#### TO DO
Take the data below. Output it exactly from its first line through the line containing "Carte de réponse".

#### SUPPLIED RECORDS

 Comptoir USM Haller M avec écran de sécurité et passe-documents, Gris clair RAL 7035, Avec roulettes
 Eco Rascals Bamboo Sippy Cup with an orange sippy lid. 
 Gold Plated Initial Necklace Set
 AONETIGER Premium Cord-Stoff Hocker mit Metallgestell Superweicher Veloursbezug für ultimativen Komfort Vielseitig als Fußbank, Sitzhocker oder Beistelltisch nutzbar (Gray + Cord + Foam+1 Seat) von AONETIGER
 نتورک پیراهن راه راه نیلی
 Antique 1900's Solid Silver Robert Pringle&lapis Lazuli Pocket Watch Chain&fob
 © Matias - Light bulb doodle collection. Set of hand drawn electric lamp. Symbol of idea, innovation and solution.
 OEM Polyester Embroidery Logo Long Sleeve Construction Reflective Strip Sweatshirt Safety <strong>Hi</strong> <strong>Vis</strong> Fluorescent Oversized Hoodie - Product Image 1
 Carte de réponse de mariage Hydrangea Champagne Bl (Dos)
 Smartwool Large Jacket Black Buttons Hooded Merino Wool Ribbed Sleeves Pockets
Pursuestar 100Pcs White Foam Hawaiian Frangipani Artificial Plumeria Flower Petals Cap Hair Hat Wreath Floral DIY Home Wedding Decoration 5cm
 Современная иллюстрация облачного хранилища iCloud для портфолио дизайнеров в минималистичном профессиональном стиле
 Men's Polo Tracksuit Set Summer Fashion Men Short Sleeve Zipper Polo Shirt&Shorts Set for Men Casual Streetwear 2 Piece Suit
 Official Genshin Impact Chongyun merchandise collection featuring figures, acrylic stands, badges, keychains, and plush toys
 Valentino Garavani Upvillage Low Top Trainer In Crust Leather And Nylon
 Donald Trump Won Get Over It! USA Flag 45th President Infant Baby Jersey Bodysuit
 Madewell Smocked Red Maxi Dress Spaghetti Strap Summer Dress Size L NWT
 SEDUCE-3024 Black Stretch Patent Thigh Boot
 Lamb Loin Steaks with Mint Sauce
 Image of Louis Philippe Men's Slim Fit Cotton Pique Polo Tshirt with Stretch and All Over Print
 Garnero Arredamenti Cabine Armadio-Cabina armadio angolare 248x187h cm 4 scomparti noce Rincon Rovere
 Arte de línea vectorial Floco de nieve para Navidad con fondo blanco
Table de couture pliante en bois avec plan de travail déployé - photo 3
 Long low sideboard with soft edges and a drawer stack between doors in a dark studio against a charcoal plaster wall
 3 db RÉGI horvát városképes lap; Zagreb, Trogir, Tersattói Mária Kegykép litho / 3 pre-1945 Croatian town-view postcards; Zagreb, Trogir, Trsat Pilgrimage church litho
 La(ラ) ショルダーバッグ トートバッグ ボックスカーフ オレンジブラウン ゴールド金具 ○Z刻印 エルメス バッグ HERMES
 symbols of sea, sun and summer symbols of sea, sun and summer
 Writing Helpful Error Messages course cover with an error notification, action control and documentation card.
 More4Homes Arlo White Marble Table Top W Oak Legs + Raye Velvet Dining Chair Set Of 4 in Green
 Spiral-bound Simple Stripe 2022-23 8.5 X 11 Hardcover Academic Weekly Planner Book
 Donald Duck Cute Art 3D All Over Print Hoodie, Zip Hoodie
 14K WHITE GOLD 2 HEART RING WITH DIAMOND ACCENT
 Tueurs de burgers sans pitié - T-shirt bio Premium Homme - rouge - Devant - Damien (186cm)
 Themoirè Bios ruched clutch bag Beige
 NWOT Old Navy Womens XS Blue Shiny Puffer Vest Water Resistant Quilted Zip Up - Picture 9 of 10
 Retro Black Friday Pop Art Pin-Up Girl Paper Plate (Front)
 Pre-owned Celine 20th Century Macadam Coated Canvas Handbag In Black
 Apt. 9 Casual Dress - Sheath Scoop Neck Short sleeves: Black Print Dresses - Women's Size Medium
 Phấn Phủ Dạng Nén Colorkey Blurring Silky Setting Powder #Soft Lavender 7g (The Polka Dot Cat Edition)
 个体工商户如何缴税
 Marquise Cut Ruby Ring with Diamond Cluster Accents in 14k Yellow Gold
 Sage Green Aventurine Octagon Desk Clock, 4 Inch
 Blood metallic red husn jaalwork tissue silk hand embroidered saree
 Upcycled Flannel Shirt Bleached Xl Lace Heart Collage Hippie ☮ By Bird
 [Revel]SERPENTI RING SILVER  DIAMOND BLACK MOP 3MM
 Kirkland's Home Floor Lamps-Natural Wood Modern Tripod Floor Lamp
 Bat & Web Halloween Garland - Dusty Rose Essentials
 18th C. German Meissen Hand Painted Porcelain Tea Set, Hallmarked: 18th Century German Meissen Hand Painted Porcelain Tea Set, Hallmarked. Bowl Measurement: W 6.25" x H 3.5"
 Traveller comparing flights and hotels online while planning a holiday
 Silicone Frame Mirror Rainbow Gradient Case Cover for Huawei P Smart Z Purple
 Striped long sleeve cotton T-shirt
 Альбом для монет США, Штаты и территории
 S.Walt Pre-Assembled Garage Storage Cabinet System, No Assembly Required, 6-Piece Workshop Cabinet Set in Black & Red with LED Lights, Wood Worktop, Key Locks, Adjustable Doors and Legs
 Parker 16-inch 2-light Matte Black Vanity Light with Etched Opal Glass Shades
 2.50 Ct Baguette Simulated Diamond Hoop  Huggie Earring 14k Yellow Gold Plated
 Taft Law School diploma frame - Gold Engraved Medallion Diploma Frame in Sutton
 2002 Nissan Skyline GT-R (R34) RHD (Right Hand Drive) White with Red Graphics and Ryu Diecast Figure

#### SOLUTION FOR THIS TASK
 Comptoir USM Haller M avec écran de sécurité et passe-documents, Gris clair RAL 7035, Avec roulettes
 Eco Rascals Bamboo Sippy Cup with an orange sippy lid. 
 Gold Plated Initial Necklace Set
 AONETIGER Premium Cord-Stoff Hocker mit Metallgestell Superweicher Veloursbezug für ultimativen Komfort Vielseitig als Fußbank, Sitzhocker oder Beistelltisch nutzbar (Gray + Cord + Foam+1 Seat) von AONETIGER
 نتورک پیراهن راه راه نیلی
 Antique 1900's Solid Silver Robert Pringle&lapis Lazuli Pocket Watch Chain&fob
 © Matias - Light bulb doodle collection. Set of hand drawn electric lamp. Symbol of idea, innovation and solution.
 OEM Polyester Embroidery Logo Long Sleeve Construction Reflective Strip Sweatshirt Safety <strong>Hi</strong> <strong>Vis</strong> Fluorescent Oversized Hoodie - Product Image 1
 Carte de réponse de mariage Hydrangea Champagne Bl (Dos)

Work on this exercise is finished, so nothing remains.